Top of Records shown

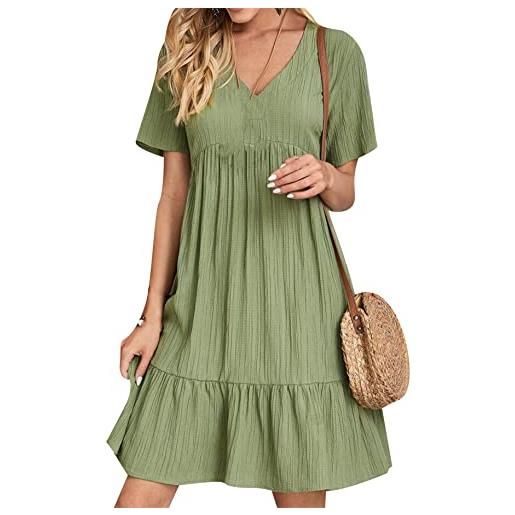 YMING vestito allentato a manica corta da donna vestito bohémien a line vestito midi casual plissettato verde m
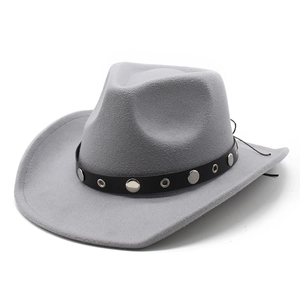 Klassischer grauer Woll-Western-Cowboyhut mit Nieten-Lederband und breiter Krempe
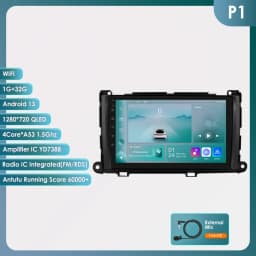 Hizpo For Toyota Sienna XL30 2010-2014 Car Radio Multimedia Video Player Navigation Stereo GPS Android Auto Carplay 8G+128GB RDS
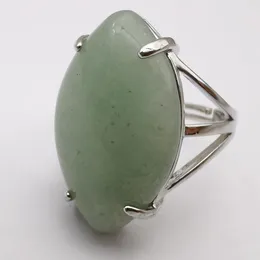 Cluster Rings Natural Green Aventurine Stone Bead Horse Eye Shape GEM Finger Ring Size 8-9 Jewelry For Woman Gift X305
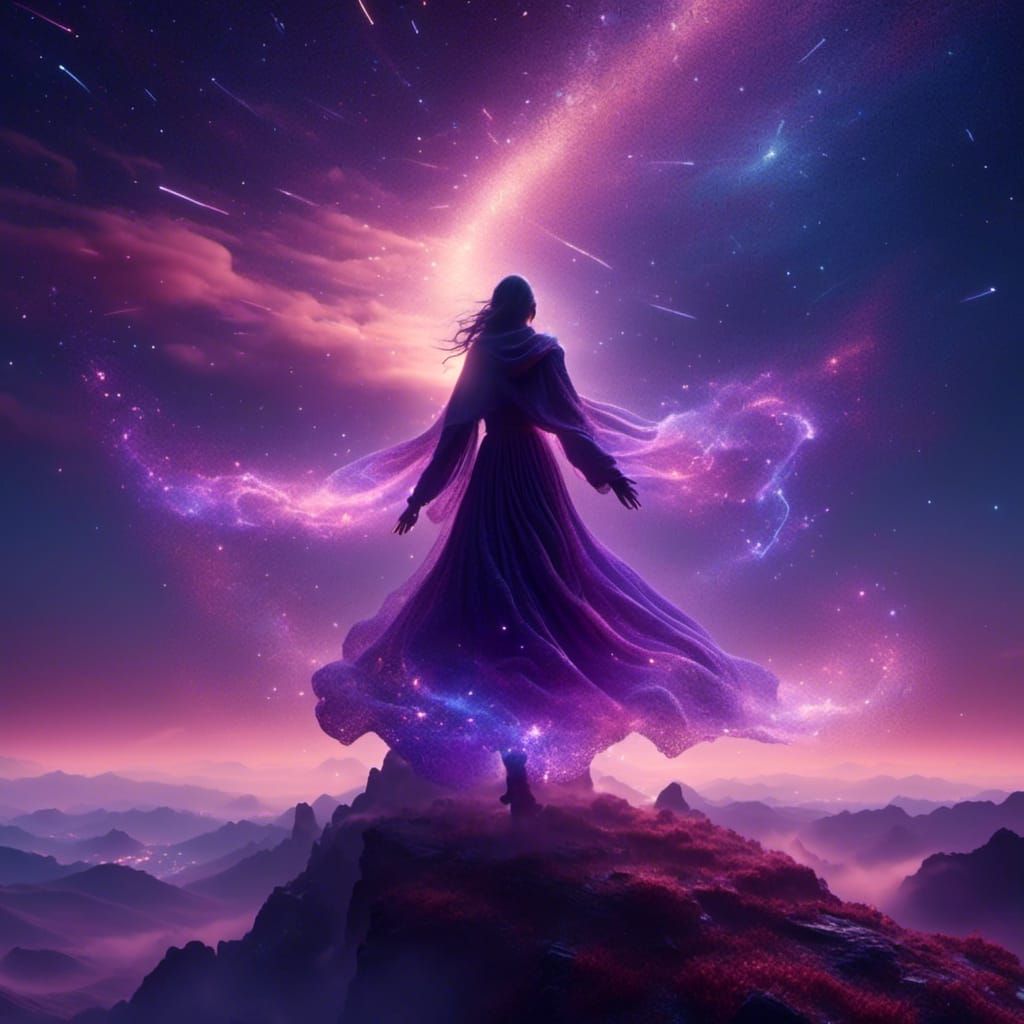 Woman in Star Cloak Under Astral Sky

Bottom of Records shown
Top of Records shown

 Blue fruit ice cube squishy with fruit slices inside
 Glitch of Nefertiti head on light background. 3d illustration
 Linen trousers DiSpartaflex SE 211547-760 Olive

Bottom of Records shown

■ **What to work on**
Exact copy, pictures excluded: every line above from the one containing "YMING vestito allentato" to the one containing "Woman in Star Cloak Under Astral Sky", inclusive, and nothing more.

■ **Exercise solution**
 YMING vestito allentato a manica corta da donna vestito bohémien a line vestito midi casual plissettato verde m
 Klassischer grauer Woll-Western-Cowboyhut mit Nieten-Lederband und breiter Krempe
 Hizpo For Toyota Sienna XL30 2010-2014 Car Radio Multimedia Video Player Navigation Stereo GPS Android Auto Carplay 8G+128GB RDS
 Cluster Rings Natural Green Aventurine Stone Bead Horse Eye Shape GEM Finger Ring Size 8-9 Jewelry For Woman Gift X305
 Woman in Star Cloak Under Astral Sky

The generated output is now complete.